Saturday, October 10, 2009

The Little Book That Beats The Market: Chapter 4

Joel Greenblatt, the book's author, is a value investor extraordinaire and a professor at Columbia's business school. In the book, Greenblatt discusses and justifies the "Magic Formula", a stock selection method that allows individual investors to beat the market using value investing.

Every year, Greenblatt starts his first lecture to his graduate class at Columbia Business School in the same way. He asks students to yell out companies, and he subsequently looks up the 52-week lows and highs of these companies' stocks. For every company, he finds large differences between the highs and the lows. For example, in the year that preceded his publication of the book, the following companies could be purchased at the following prices:

General Electric: $29 to $53
General Motors: $30 to $68
Abercrombie: $15 to $33
IBM: $55 to $93

These stocks were not chosen because of their wild price swings. Instead, their price swings are typical of many companies on the stock market. In such a short period of time, how can it be that such large, well-recognized, widely owned companies fluctuate in value so dramatically? Did GM all of a sudden make half/twice as many cars as it did a few months ago? Unlikely.

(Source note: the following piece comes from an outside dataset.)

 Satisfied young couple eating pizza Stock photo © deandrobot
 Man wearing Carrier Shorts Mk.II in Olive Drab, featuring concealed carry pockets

There are entire fields devoted to figuring out why and how these fluctuations take place. Greenblatt argues that much academic effort has been expended trying to explain "why something that clearly makes no sense, actually makes sense."

Greenblatt doesn't care why it happens. The point is that it does, and that's what allows you to profit. He goes on to discuss Mr. Market, and how you should buy from Mr. Market when he is offering you bargains, and sell to Mr. Market when he offers you a good price.